Serbuan bintang-bintang Gelombang III disusul munculnya stasiun-stasiun teve swasta lainnya makin merajalela. Anjasmara, Primus, Jihan Fahira, Nafa Urbach, Diana Pungki, Marcellino, Marcellino Lefrand, Dini Aminarti, Rizal Djibran, Syahrul Gunawan, Kris Dayanti, Indra Bruggman, Tamara Blezinsky, dan generasi Gelombang I dan II membangun sebuah era keemasan sinetron. Bersama Moudy Kusnaedy, Cornelia Agatha dan para pelawak, Rano Karno menghasilkan lima musim legendaris Si Doel Anak Sekolahan. Primus dan Deasy Ratnasary bertaji di Cinta. Paramitha Rusady, Primus dan Atalarik sukses di adaptasi karmila. Marcelino dan Rizal Dzibran beken di Misteri Gunung Merapi (ingat juga Faridha Pasha sebagai Mak Lampir ya), Tamara dan Anjasmara sukses besar di Wah Cantinya (itu loh, si idiot Cecep), Indra Bruggman imejnya melekat sebagai pasangan si Jin cantik dengan Diana Pungky di Jinny oh Jinny, Syahrul Gunawan di Jin dan Jun. Kris Dayanti melejit dengan sinetron Ramadahan-nya (yang kemudian menjadi tren) Doa Membawa Berkah. Jihan fahira dan Lulu Tobing bergiliran mendampingi Adam Jordan, Reynold Surbakti dan Ari Wibowo di tujuh musim Tersanjung.

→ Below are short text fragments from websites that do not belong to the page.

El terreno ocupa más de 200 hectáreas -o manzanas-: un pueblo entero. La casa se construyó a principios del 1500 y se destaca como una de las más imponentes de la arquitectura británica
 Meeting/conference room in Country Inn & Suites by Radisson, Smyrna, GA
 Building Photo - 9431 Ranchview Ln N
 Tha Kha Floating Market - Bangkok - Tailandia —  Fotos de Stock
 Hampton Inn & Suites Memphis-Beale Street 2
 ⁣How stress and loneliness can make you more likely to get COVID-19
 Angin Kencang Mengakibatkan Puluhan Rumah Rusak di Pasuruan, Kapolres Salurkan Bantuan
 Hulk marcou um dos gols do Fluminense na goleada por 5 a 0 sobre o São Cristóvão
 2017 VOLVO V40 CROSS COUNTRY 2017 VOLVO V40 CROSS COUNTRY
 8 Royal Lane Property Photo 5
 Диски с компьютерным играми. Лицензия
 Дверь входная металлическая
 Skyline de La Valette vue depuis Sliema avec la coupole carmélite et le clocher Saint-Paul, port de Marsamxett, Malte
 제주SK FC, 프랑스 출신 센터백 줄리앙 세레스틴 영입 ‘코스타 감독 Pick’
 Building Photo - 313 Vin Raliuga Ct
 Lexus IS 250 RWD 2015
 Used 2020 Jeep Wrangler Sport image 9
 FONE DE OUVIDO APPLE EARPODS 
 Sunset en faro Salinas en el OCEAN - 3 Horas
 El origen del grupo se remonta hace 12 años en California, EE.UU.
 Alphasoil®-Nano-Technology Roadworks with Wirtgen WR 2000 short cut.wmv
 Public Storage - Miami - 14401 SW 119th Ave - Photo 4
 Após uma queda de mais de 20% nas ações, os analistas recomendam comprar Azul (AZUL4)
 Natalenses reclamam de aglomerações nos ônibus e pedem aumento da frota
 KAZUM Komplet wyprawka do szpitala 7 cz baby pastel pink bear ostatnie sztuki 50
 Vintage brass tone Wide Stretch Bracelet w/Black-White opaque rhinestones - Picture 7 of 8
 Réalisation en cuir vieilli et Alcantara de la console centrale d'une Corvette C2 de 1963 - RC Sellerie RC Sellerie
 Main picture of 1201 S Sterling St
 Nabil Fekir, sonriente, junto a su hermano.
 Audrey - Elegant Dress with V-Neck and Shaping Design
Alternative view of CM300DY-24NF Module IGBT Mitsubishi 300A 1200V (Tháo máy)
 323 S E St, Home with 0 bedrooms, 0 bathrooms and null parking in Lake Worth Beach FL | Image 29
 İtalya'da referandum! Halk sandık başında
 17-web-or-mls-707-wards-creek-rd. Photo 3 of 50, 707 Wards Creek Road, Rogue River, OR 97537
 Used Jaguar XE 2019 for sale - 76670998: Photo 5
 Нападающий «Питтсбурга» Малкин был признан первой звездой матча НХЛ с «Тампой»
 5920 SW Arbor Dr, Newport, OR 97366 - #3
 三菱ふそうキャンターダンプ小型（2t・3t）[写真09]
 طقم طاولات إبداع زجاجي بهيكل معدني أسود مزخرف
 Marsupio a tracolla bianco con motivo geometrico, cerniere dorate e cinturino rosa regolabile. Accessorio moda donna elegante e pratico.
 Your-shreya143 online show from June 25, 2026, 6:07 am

Genre komedi kemudian menjadi abu-abu ketika Si Doel ANak Sekolahan sukses besar. Di khususkan sebagai drama, sinetron ini malah banyak bermuatan komedi yang kocak namun bersehaja. Dekade 90 an dan awal 2000an melahirkan sinetron-sinetron berkualitas yang sangat banyak, selain Si Doel tentunya. Ayu Azhary dan Cok Simbara dipuji karena akting menawan di Noktah Merah Perkawinan, Rachel Maryam sangat pas di Strawberry (sinetron terpuji FPB), Lorong Waktu karya Dedy Mizwar juga sangat berkualitas walau bermuatan komedi. Kris Dayanti dan Ayu Azhary bermain hebat di Istri Pilihan. Anjasmara menghebohkan dan hebat di Wah Cantiknya..! Keluarga Cemara garapan Arswendo Atmowiloto bener-benar luar biasa. Hikayat Cinta yang tayang larut, dimainkan Cyndi Fatika Sari, Teuku Firmansyah dan Ferry Maryadi diakui sebagai genre sinetron remaja yang bener-bener realistis.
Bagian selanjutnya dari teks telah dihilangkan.